[v2] umh: fix out of scope usage when the process is being killed

Message ID 20221214134656.21228-1-schspa@gmail.com
State New
Headers
Series [v2] umh: fix out of scope usage when the process is being killed |

Commit Message

Schspa Shi Dec. 14, 2022, 1:46 p.m. UTC
  When the process is killed, wait_for_completion_state will return with
-ERESTARTSYS, and the completion variable in the stack will be unavailable,
even freed. If the user-mode thread is complete at the same time, there
will be a race to use a unavailable variable.

Please refer to the following scenarios.
            T1                                  T2
------------------------------------------------------------------
call_usermodehelper_exec
                                   call_usermodehelper_exec_async
                                   << do something >>
                                   umh_complete(sub_info);
                                   comp = xchg(&sub_info->complete, NULL);
                                   /* we got the completion */
                                   << context switch >>

    << Being killed >>
	retval = wait_for_completion_state(sub_info->complete, state);
	if (!retval)
		goto wait_done;

	if (wait & UMH_KILLABLE) {
		/* umh_complete() will see NULL and free sub_info */
		if (xchg(&sub_info->complete, NULL))
			goto unlock;
        << we can't got the completion, because T2 take it already >>
	}
	....
	return retval;
}

/**
 * the completion variable in stack is end of life cycle.
 * and maybe freed due to process is recycled.
 */
                                   -------- BUG here----------
                                   if (comp)
                                       complete(comp);

To fix it, we can add an additional wait_for_completion to ensure the
completion object is completely unused. And this is what
kthread_create_on_node does to handle this race.

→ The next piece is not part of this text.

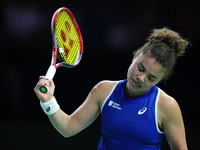 MALAGA, SPAIN - NOVEMBER 18: Jasmine Paolini of Team Italy in her singles match against Iga Swiatek of Team Poland in the Semi-Final tie bet...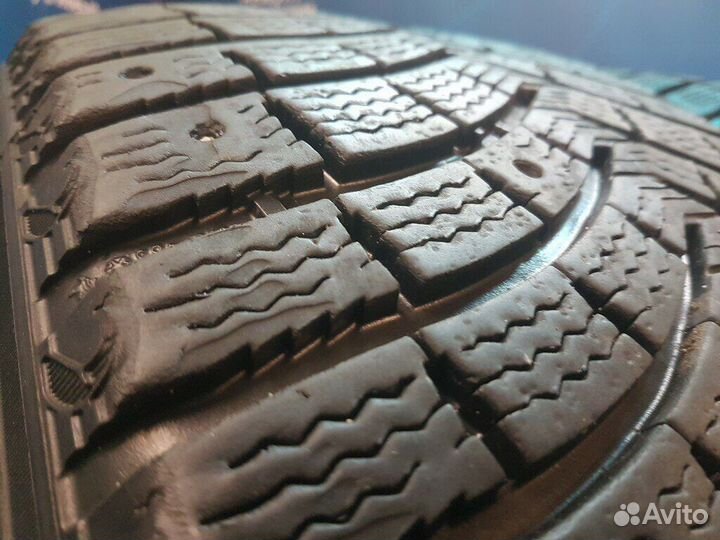 Michelin Latitude X-Ice North 2 275/45 R21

Reported-by: syzbot+10d19d528d9755d9af22@syzkaller.appspotmail.com
Reported-by: syzbot+70d5d5d83d03db2c813d@syzkaller.appspotmail.com
Reported-by: syzbot+83cb0411d0fcf0a30fc1@syzkaller.appspotmail.com
Reported-by: syzbot+c92c6a251d49ceceb625@syzkaller.appspotmail.com
Signed-off-by: Schspa Shi <schspa@gmail.com>
---

v1->v2:
  - Use a new way to fix the race as kthread_create_on_node do.
  - Optimize comments and use more accurate words to describe the problem.

 kernel/umh.c | 4 ++++
 1 file changed, 4 insertions(+)
  

Comments

Luis Chamberlain Dec. 14, 2022, 7:59 p.m. UTC | #1
On Wed, Dec 14, 2022 at 09:46:56PM +0800, Schspa Shi wrote:
> When the process is killed, wait_for_completion_state will return with
> -ERESTARTSYS, and the completion variable in the stack will be unavailable,
> even freed. If the user-mode thread is complete at the same time, there
> will be a race to use a unavailable variable.
> 
> Please refer to the following scenarios.
>             T1                                  T2
> ------------------------------------------------------------------
> call_usermodehelper_exec
>                                    call_usermodehelper_exec_async
>                                    << do something >>
>                                    umh_complete(sub_info);
>                                    comp = xchg(&sub_info->complete, NULL);
>                                    /* we got the completion */
>                                    << context switch >>
> 
>     << Being killed >>
> 	retval = wait_for_completion_state(sub_info->complete, state);
> 	if (!retval)
> 		goto wait_done;
> 
> 	if (wait & UMH_KILLABLE) {
> 		/* umh_complete() will see NULL and free sub_info */
> 		if (xchg(&sub_info->complete, NULL))
> 			goto unlock;
>         << we can't got the completion, because T2 take it already >>
> 	}
> 	....
> 	return retval;
> }
> 
> /**
>  * the completion variable in stack is end of life cycle.
>  * and maybe freed due to process is recycled.
>  */
>                                    -------- BUG here----------
>                                    if (comp)
>                                        complete(comp);
> 
> To fix it, we can add an additional wait_for_completion to ensure the
> completion object is completely unused. And this is what
> kthread_create_on_node does to handle this race.
> 
> Reported-by: syzbot+10d19d528d9755d9af22@syzkaller.appspotmail.com
> Reported-by: syzbot+70d5d5d83d03db2c813d@syzkaller.appspotmail.com
> Reported-by: syzbot+83cb0411d0fcf0a30fc1@syzkaller.appspotmail.com
> Reported-by: syzbot+c92c6a251d49ceceb625@syzkaller.appspotmail.com
> Signed-off-by: Schspa Shi <schspa@gmail.com>
> ---

Please fix the commit log a bit more with the cotext I provided, *if*
on the other thread the community agrees with the approach to be
compartamentalized. I am still not sure why this would fix the
UAF after thinking about it some more, and the issue would mean
there likely could be a generic fix / issue to consider.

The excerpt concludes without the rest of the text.